Le but de l’AMTSV est de pouvoir assurer des prestations de soutien et d’assistance dans la perspective du développement des activités offshore en Arctique. Des opérations qui nécessiteront des navires adaptés à différents services, comme des capacités de construction sous-marine, le soutien des plateformes et la maintenance des installations sous-marines, ou encore les transferts de personnel et de matériel, ainsi que le ravitaillement en vivres et carburant. A cet effet, l’AMTSV est doté d’une grande plage arrière de 775 m², à laquelle s’ajoute un pont cargo de 440 m². Ce dernier fait partie de l’ESS (Enclosed Superstructure), espace protégé intégré à la superstructure. Logée contre les parois derrière lesquelles se trouve l’intérieur du navire, cette zones est conçue pour permettre au personnel de travailler dans des conditions bien moins sévères qu’en plein air, notamment en terme de température (0° dans l’ESS lorsque le thermomètre affiche à l’extérieur – 55°). Cet espace peut également servir au stockage des marchandises sensibles. Des zones sont par ailleurs prévues pour loger 50 conteneurs standards de type EVP, le volume de fret sec embarqué pouvant atteindre 325 m3. L’AMTSV compte, en outre, des soutes permettant de contenir 1300 m3 de boues de forage. Et pour les livraisons de carburant aux unités offshore,  le navire dispose, en plus des réserves destinées à sa propre consommation, de  1000 m3 de cuves à combustible. Côté manutention, il est équipé d’une grue pouvant lever une charge de 3 tonnes à 15 mètres.

 

 

L'AMTSV (© DAMEN)

L'AMTSV (© DAMEN)

 

 

Sauvetage et lutte contre les sinistres

 

 

Armé par un équipage de 35 personnes, l’AMTSV est conçu pour mettre en œuvre des moyens de lutte contre les incendies et des dispositifs de récupération d’hydrocarbures en mer en cas de marée noire. A même par conséquent d’intervenir en cas de sinistre sur une installation offshore, il offre également de très importantes capacités d’accueil. Celles-ci sont indispensables compte tenu du cadre dans lequel le navire est appelé à travailler : des zones polaires très difficiles d’accès et éloignées des secours terrestres.
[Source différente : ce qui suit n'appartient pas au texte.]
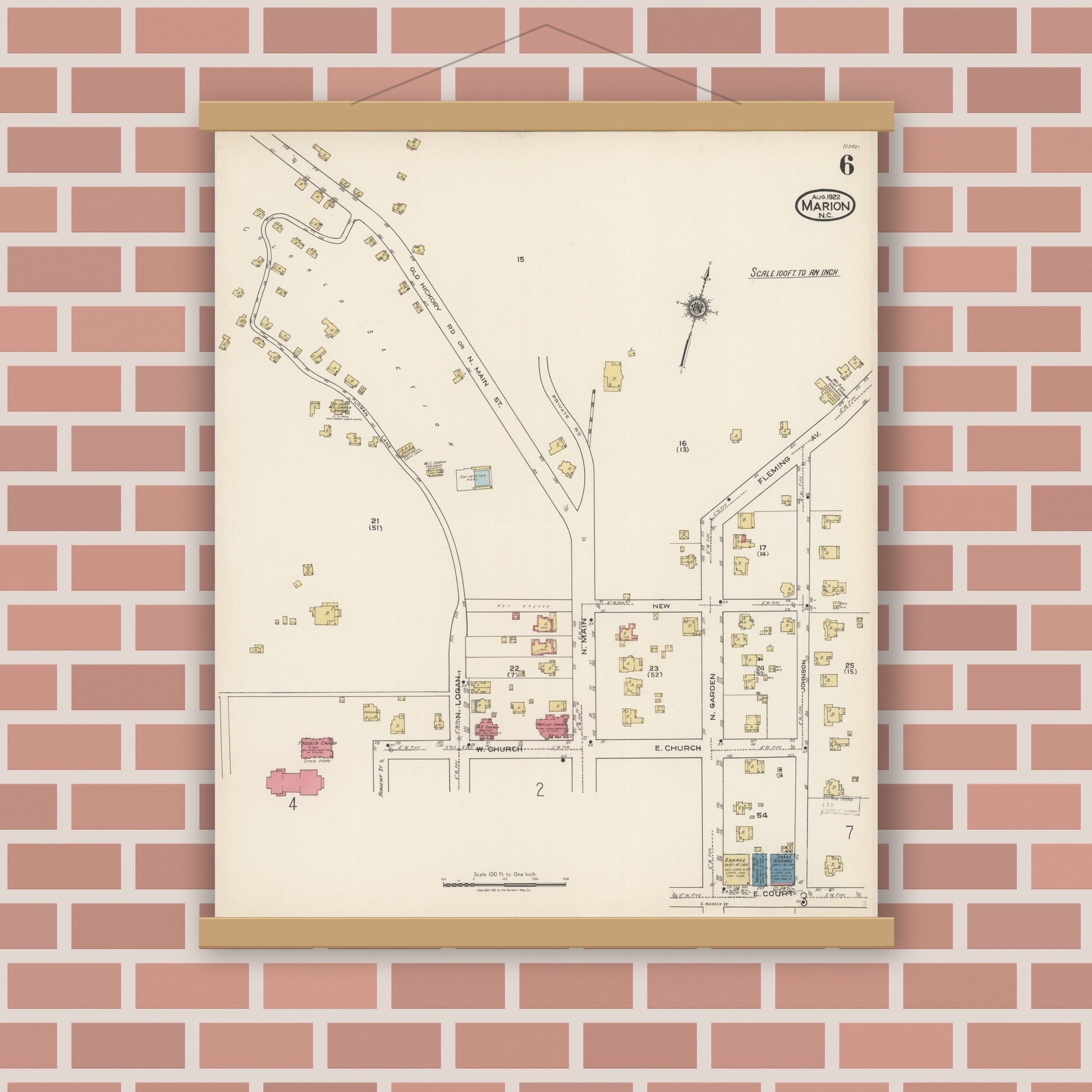 Old map wall art mockup — magnetic wood frame on brick wall — Sanborn Fire Insurance Map from Marion, Mcdowell County, North Carolina (1922), Sheet #0006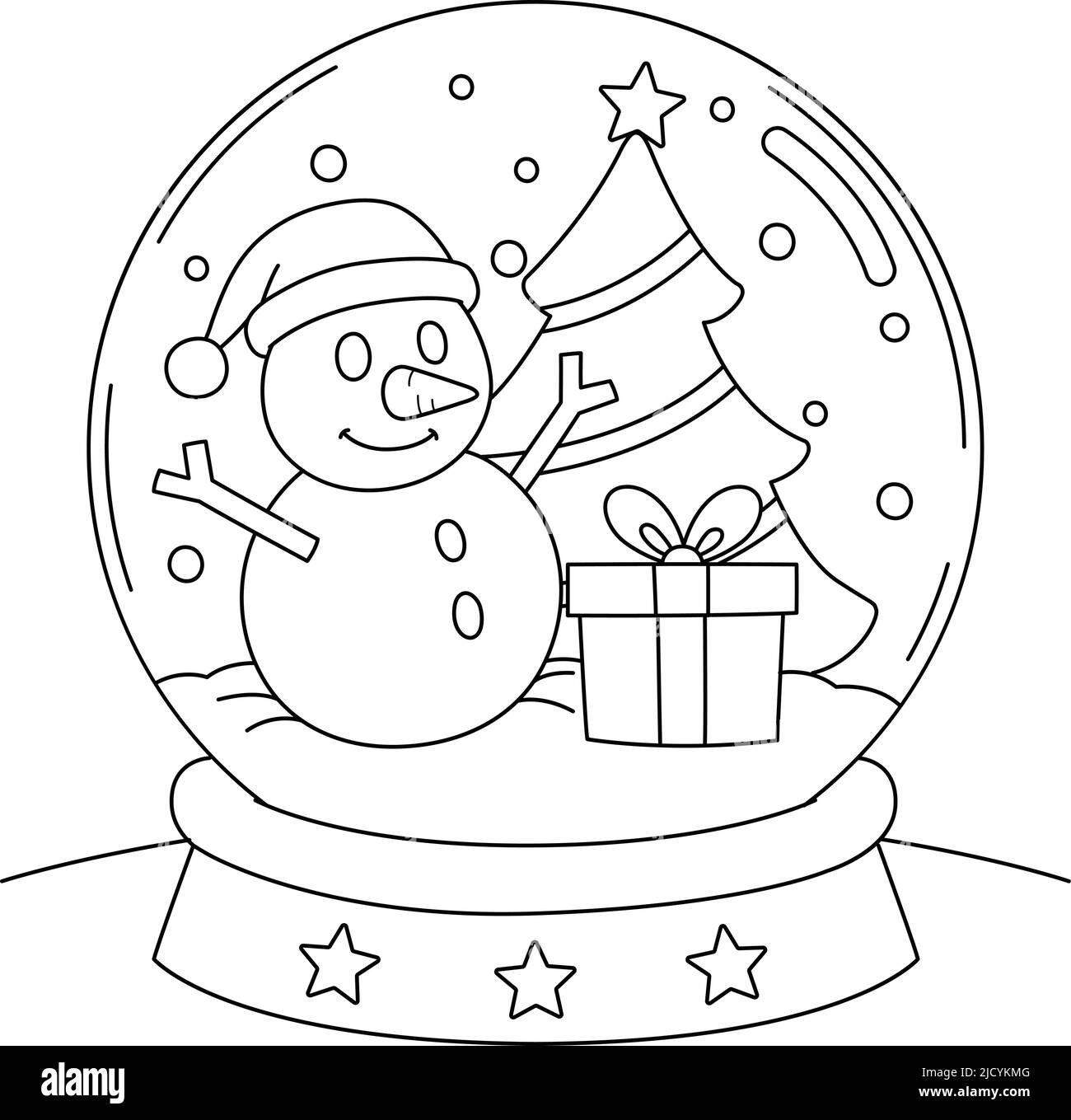 Merry Christmas Snowglobe Coloring Page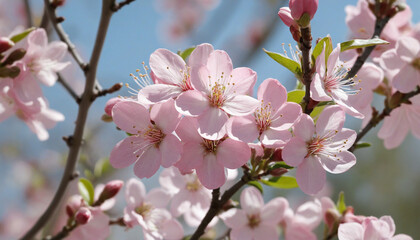 Obraz premium Vibrant spring flowers in morning sunlight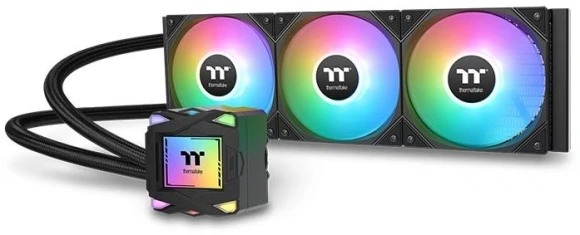 Система водяного охлаждения Thermaltake LA360-S ARGB Soc-AM5/AM4/1200/1700/1851 черный 4-pin 38.35dB Al LCD 360W Ret (CL-W462-PL12SW-A)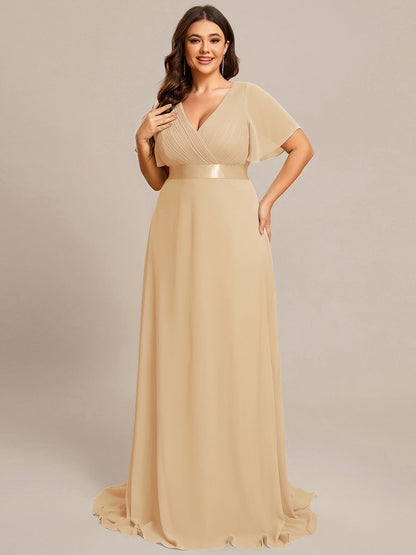 pretty MONICA|Plus Size Simple Empire Waist Flutter Sleeve Evening Dress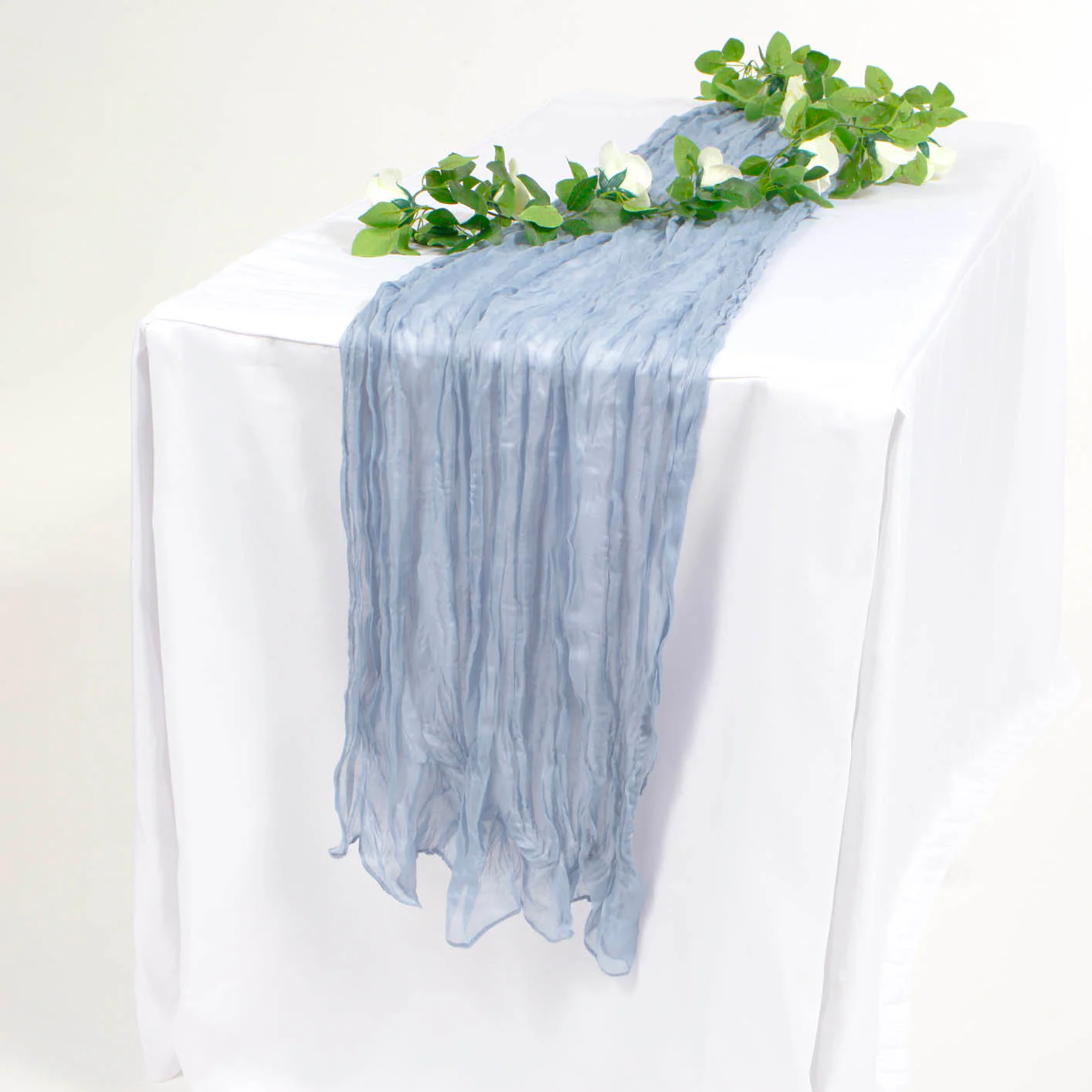 Cheesecloth Table Runner - Dusty Blue - Image 4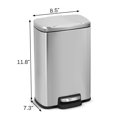 thumbnail image 3 of Innovaze 1.3 Gal./5 Liter Rectangular Stainless Steel Step-on Trash Can for Bathroom and Office, 3 of 7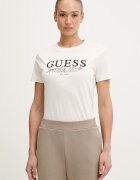 GUESS Памучна тениска ARTEMISIA дамска в бежово V6RI05 I3Z14
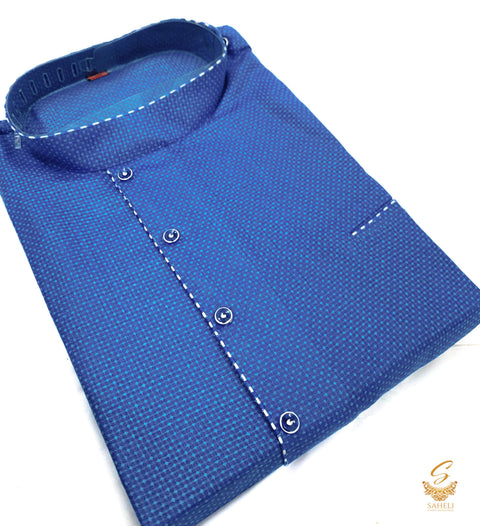 Royal  blue colour cotton silk design designer kurta with pajama pents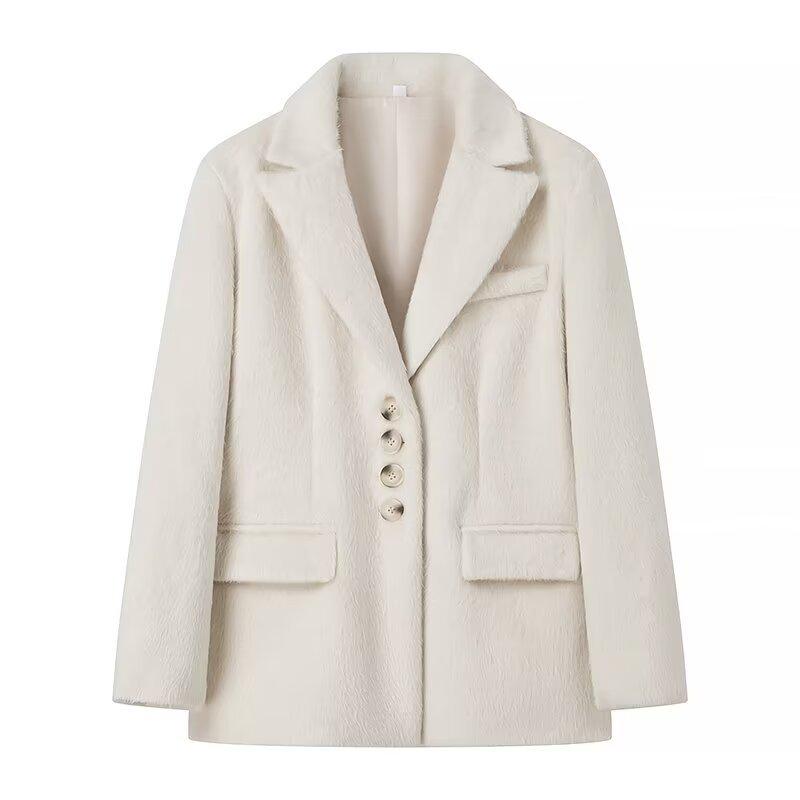 

Elegant Women s Loose Lapel Wool Plush Coat for Spring/Autumn 2026, Single-Breasted Long Sleeve Outerwear XL брудно-білий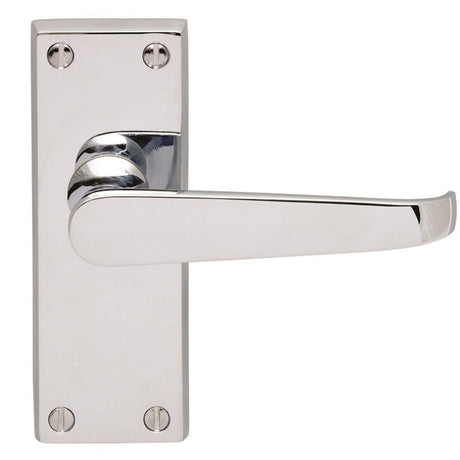 This is an image of Carlisle Brass - Contract Victorian Lever on Latch Backplate - Polished Chrome available to order from T.H Wiggans Architectural Ironmongery in Kendal, quick delivery and discounted prices.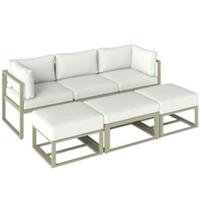 Outsunny 6 PC Garden Daybed, Sectional Sofa Set with Coffee Table, Footstool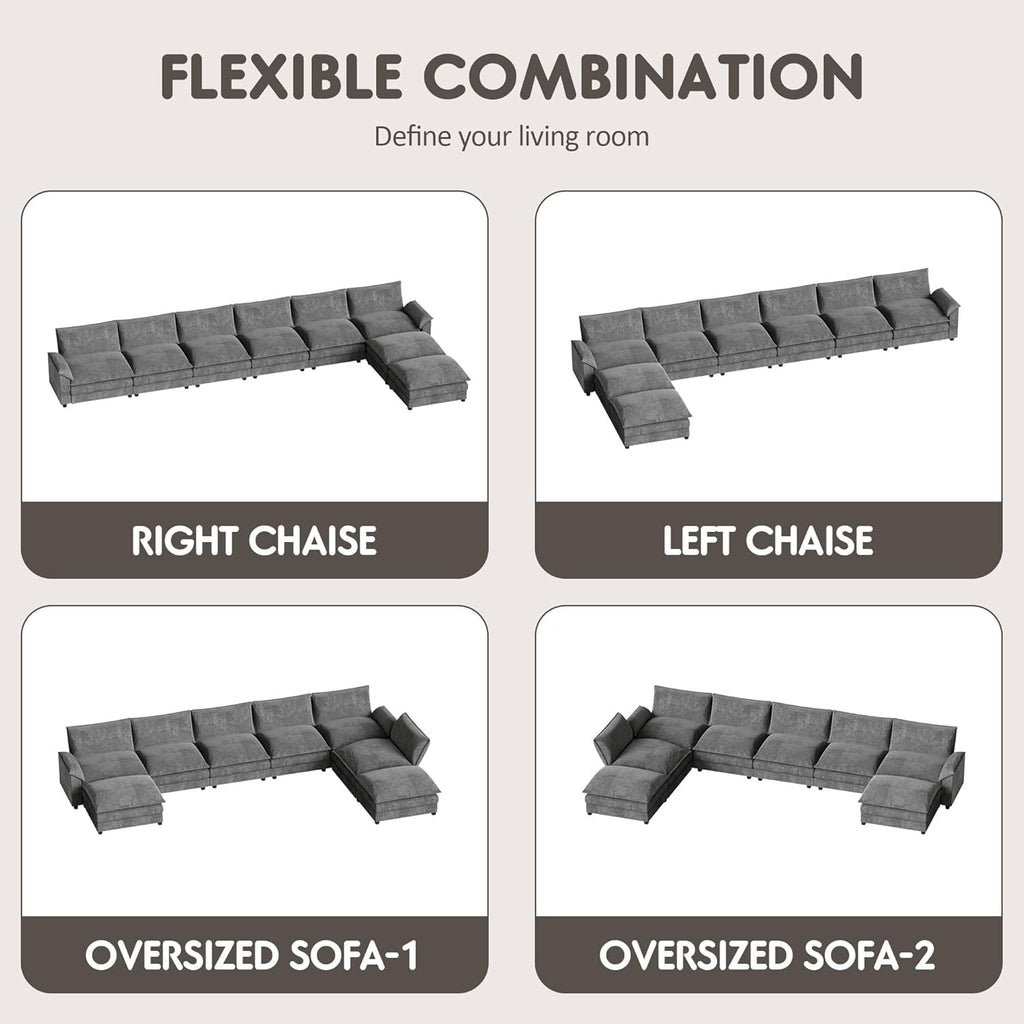 Homall 80" Modular Sectional Sofa, Loveseat Sofa Couch with Double-Layer Cushion, DIY Combination Chenille Deep 2-Seat Cloud Couch for Living Room, Apartment (Bright Grey, Loveseat Sofa)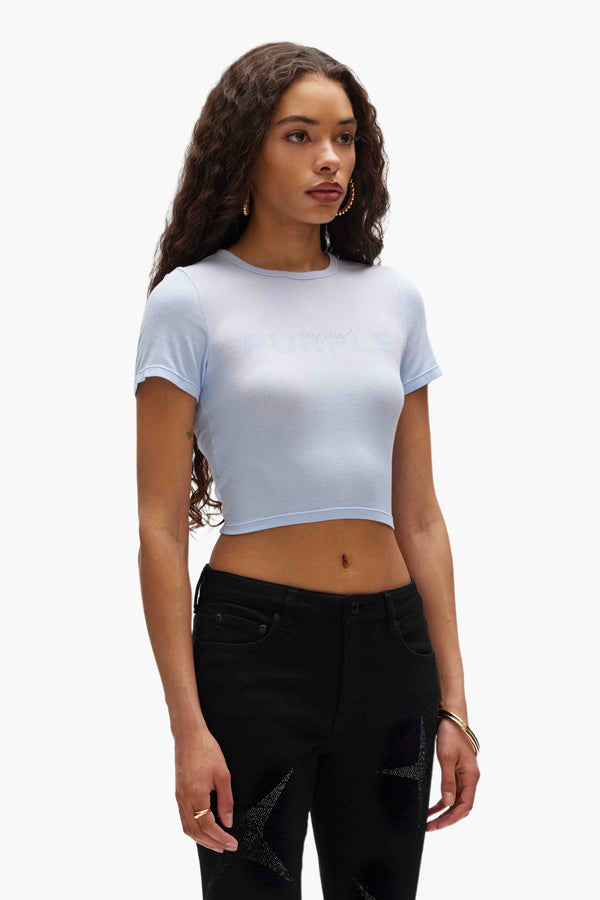 Purple Brand Crystal Script Baby Tee Blue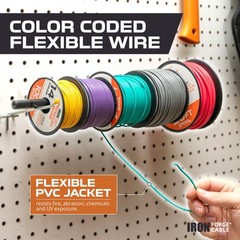 Iron Forge Cable 14 Gauge Primary Automotive Wire – 10 Roll Assortment Pack -…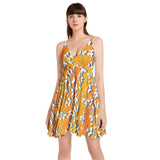 Spaghetti Strap Sleeveless Falred Hem Short Dress - Objet D'Art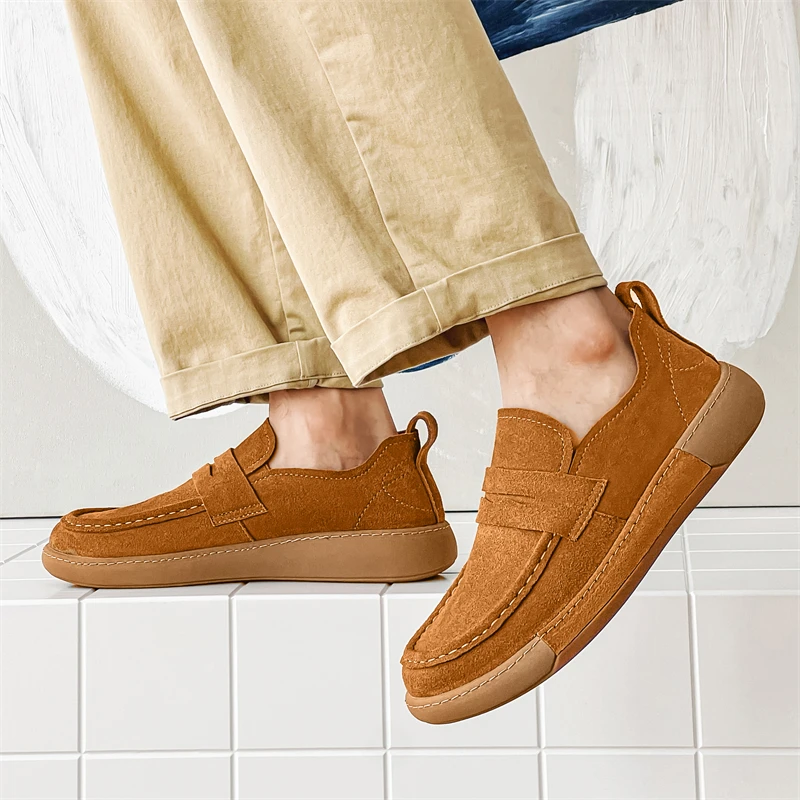 Luxury Brand Suede Loafers Leather Shoes for Mens Outdoor Light Handmade Walk Sneakers Comfort Casual Shoes Men Slip-On Driving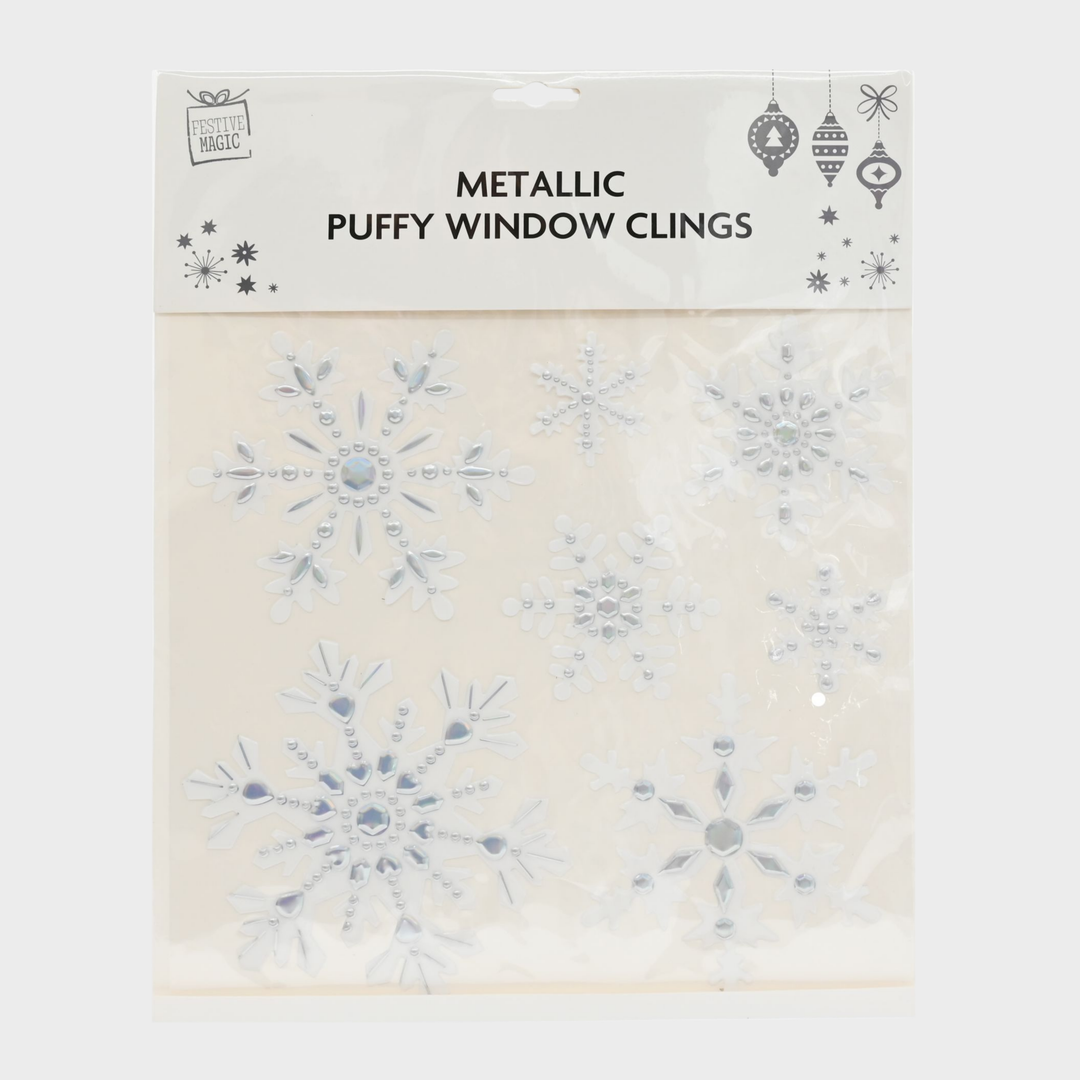 Metallic puffy snowflakes window cling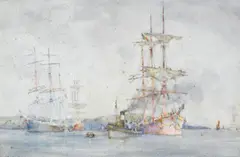 Italian barque being towed to moorings in the Carrick Roads (Towing into Falmouth harbour) by Rws Henry Scott Tuke Ra, watercolour, sold Nov 2008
S’il fallait par exemple évacuer une plateforme située dans une région aussi inhospitalière que l’Arctique, des moyens adéquats seraient nécessaires pour sauver les personnels. Ainsi, le bateau est prévu pour pouvoir accueillir 150 naufragés. Il peut, de plus, embarquer un hélicoptère, sa plage arrière, qui sert de plateforme, donnant directement accès à un vaste hangar.

 

 

Adaptable pour les travaux sous-marins de construction

 

 

On notera que la version de base présentée par Damen peut être customisée en fonction des besoins. L’AMTSV est, ainsi, non seulement conçu pour servir de gros navire de soutien de plateforme (PSV - Platform Supply Vessel) ou de remorqueur ravitailleur releveur d’ancres (AHTS - Anchor Handling Tug Supply Vessel), mais aussi de navire de construction sous-marine. Dans cette configuration, il peut être doté d’une grue offshore de forte capacité, d’une moopool (ouverture au centre de la coque permettant la mise à l’eau d’engins à l’aplomb du navire) ou encore de robots télé-opérés.